Decision, if to run refreshing, would be as simple as it can.

a) Is the idea right?

b) Could appear some cases when it is not true? (except xid wraparound).

c) I was looking for some help with it in pg_stat*, but there is no
information about transactions, last changes in relations or anything.

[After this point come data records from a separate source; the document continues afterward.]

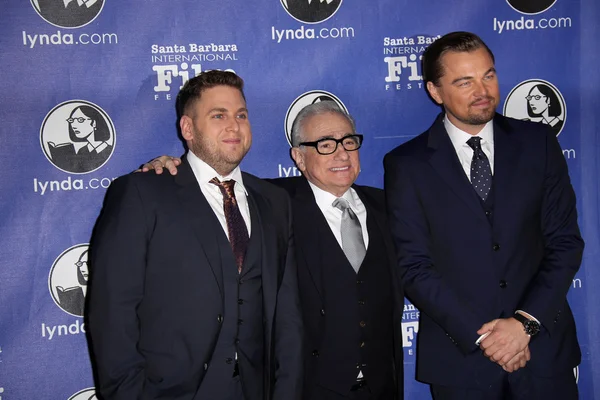 Jonah hill, Martina scorsese i leonardo dicaprio — Zdjęcie stockowe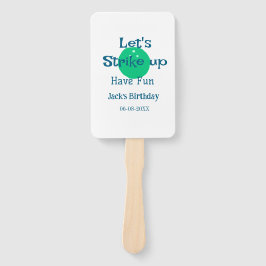 Let's strike up have fun green ball birthday name  fächer
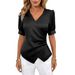 Elegant V-Neck Slim Fit Satin Blouse for Women European American Style Versatile Commute Wear Spring Autumn Summer Regular Size_ecoleips.com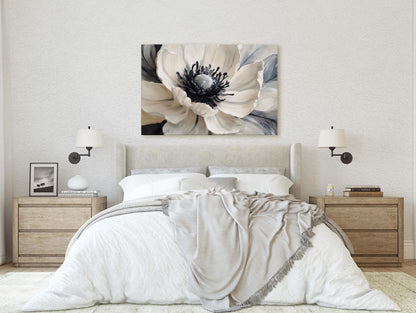 Flower Painting, Black White Flower, Contemporary Art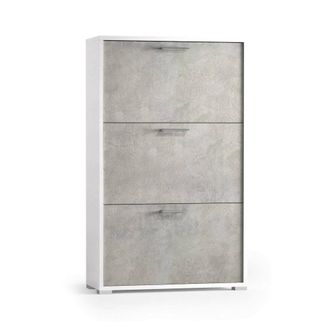 Dmora Zapatero Dlos, Mueble De Entrada Polivalente Con 3 Puertas Abatibles, Zapatero De Doble Profundidad, 100% Made In Italy, 67x28h112 Cm, Blanco Y Cement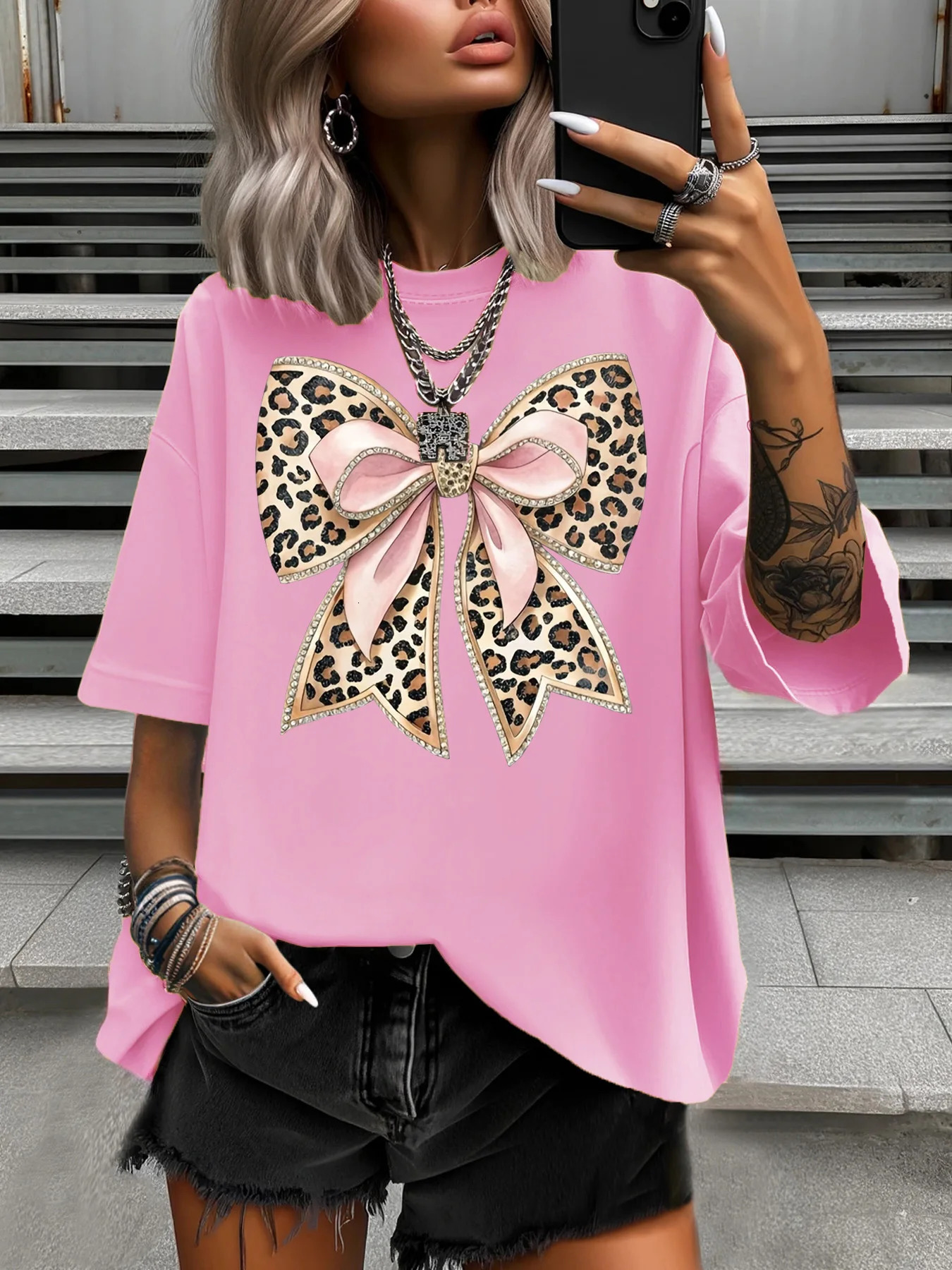 Womens Plus Size TShirt Original n Fashion Pink Bowknot Pattern Printed Casual Soft Round Neck Short Sleeved Tops 250519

d) or there are other mechanisms or ideas how to check if MV source
tables are changed from last refresh?

Thanks for replies

Pavel Baros


From: Heikki Linnakangas <heikki(dot)linnakangas(at)enterprisedb(dot)com>
To: Pavel Baros <baros(dot)p(at)seznam(dot)cz>
Cc: pgsql-hackers(at)postgresql(dot)org, Robert Haas <robertmhaas(at)gmail(dot)com>
Subject: Re: GSoC - Materialized Views - is stale or fresh?
Date: 2010-06-14 05:52:25
Message-ID: 4C15C399.4010209@enterprisedb.com
Views: Raw Message | Whole Thread | Download mbox | Resend email
Lists: pgsql-hackers

On 12/06/10 17:18, Pavel Baros wrote:
> I am curious how could I solve the problem:
>
> During refreshing I would like to know, if MV is stale or fresh? And I
> had an idea:
>
> In fact, MV need to know if its last refresh (transaction id) is older
> than any INSERT, UPDATE, DELETE transaction launched against source
> tables. So if MV has information about last (highest) xmin in source
> tables, it could simply compare its own xmin to xmins (xmax for deleted
> rows) from source tables and decide, if is stale or fresh.
>
> Whole realization could look like this:
> 1. Make new column in pg_class (or somewhere in pg_stat* ?):
> pg_class.rellastxid (of type xid)
>
> 2. After each INSERT, UPDATE, DELETE statement (transaction)
> pg_class.rellastxid would be updated. That should not be time- or
> memory- consuming (not so much) since pg_class is cached, I guess.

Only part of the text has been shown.